The final point, Tremont’s new instructions, requires a section all on its own, specifically because none of the new instructions are supported in Lakefield.
What’s Missing in Lakefield
One of the biggest issues with a heterogeneous processor design is software. Even if we go beyond the issues that come with scheduling a workload on such a device, the problem is that most programs are designed to work on whatever microarchitecture they were written for. Generic programs are meant to work everywhere, while big publishers will write custom code for specific optimizations, such as if AVX-512 is detected, it will write AVX-512.
The hair-pulling out moment occurs when a processor has two different types of CPU core involved, and there is the potential for each of them to support different instructions or commands. Typically the scheduler makes no guarantee that software will run on any given core, so for example if you had some code written for AVX-512, it would happily run on an AVX-512 enabled core, but cause a critical fault on a core that doesn’t have AVX-512. The core won’t even know it’s an AVX-512 instruction until it comes time to decode it, and just throw an error when that happens. Not only this, but the scheduler has the right to move a thread when it needs to – if it moves a thread in the middle of an instruction stream, that can cause errors too. The processor could also move a thread to prevent thermal hotspots occurring, which will then cause a fault.

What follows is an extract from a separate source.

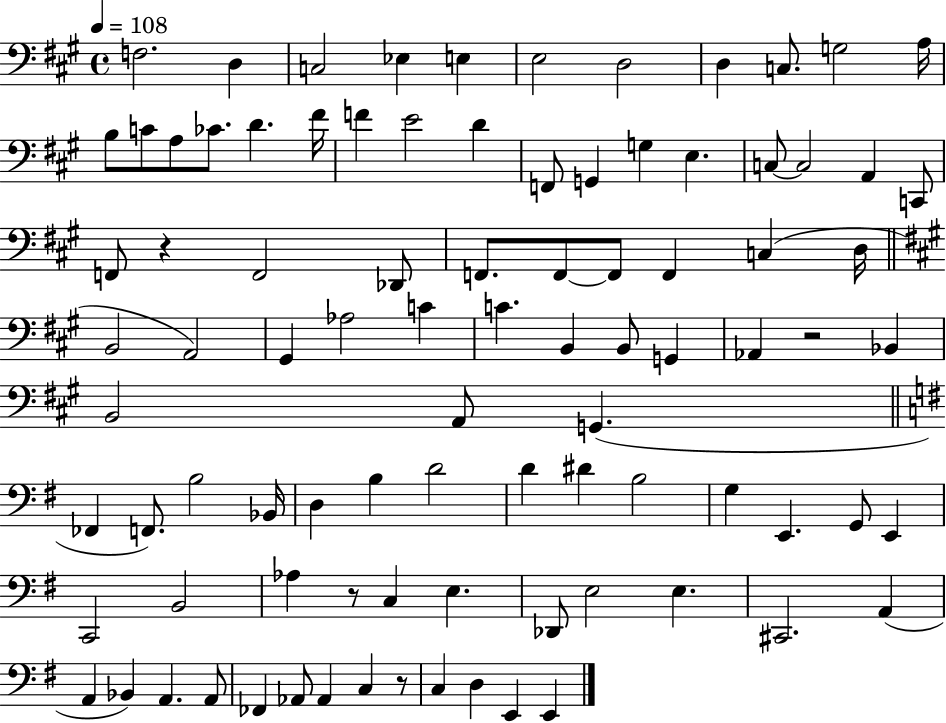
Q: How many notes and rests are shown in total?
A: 91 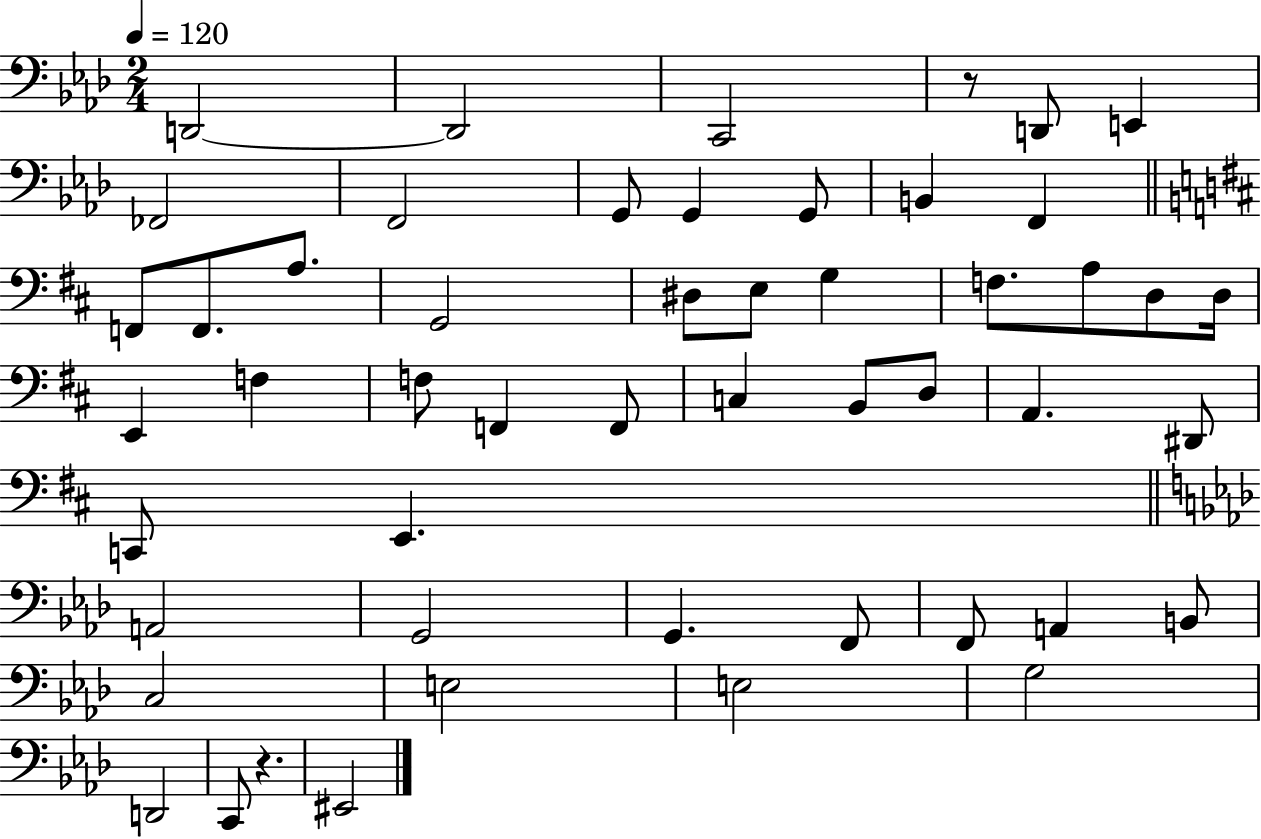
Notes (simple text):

D2/h D2/h C2/h R/e D2/e E2/q FES2/h F2/h G2/e G2/q G2/e B2/q F2/q F2/e F2/e. A3/e. G2/h D#3/e E3/e G3/q F3/e. A3/e D3/e D3/s E2/q F3/q F3/e F2/q F2/e C3/q B2/e D3/e A2/q. D#2/e C2/e E2/q. A2/h G2/h G2/q. F2/e F2/e A2/q B2/e C3/h E3/h E3/h G3/h D2/h C2/e R/q. EIS2/h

There could be a situation where the programmer can flag that their code has specific instructions. In a program with unique instructions, there’s very often a check that tries to detect support, in order to say to itself something like ‘AVX512 will work here!’. However, all modern software assumes a homogeneous processor – that all cores will support all of the same instructions.
It becomes a very chicken and egg problem, to a certain degree.
The only way out of this is that both processors in a hybrid CPU have to support the same instructions completely. This means that we end up with the worst of both worlds – only instructions supported by both can be enabled. This is the lowest common denominator of the two, and means that in Lakefield we lose support for AVX-512 on Sunny Cove, but also things like GFNI, ENCLV, and CLDEMOTE in Tremont (Tremont is actually rather progressive in its instruction support).
Knowing that Lakefield was going to have to take the lowest common denominator from the two core designs, Intel probably should physically removed the very bulky AVX-512 unit from the Sunny Cove core. Looking at the die shot, it's still there - there was some question going into the recent disclosures as to whether it would still be there, but Intel has stated on the record repeatedly that they removed it. The die shot of the compute silicon shows that not to be the case.
For x86 programmers doing instruction detection by code name or core family, this might have to change. In the smartphone world, where 4+4 processor designs are somewhat the norm, this lowest common denominator issue has essentially been universally adopted. There was some slight issue with a Samsung processor that had a non-unified cache setup, which ended up being rectified in firmware. But both sets of CPUs had to rely on lowest common denominator instructions.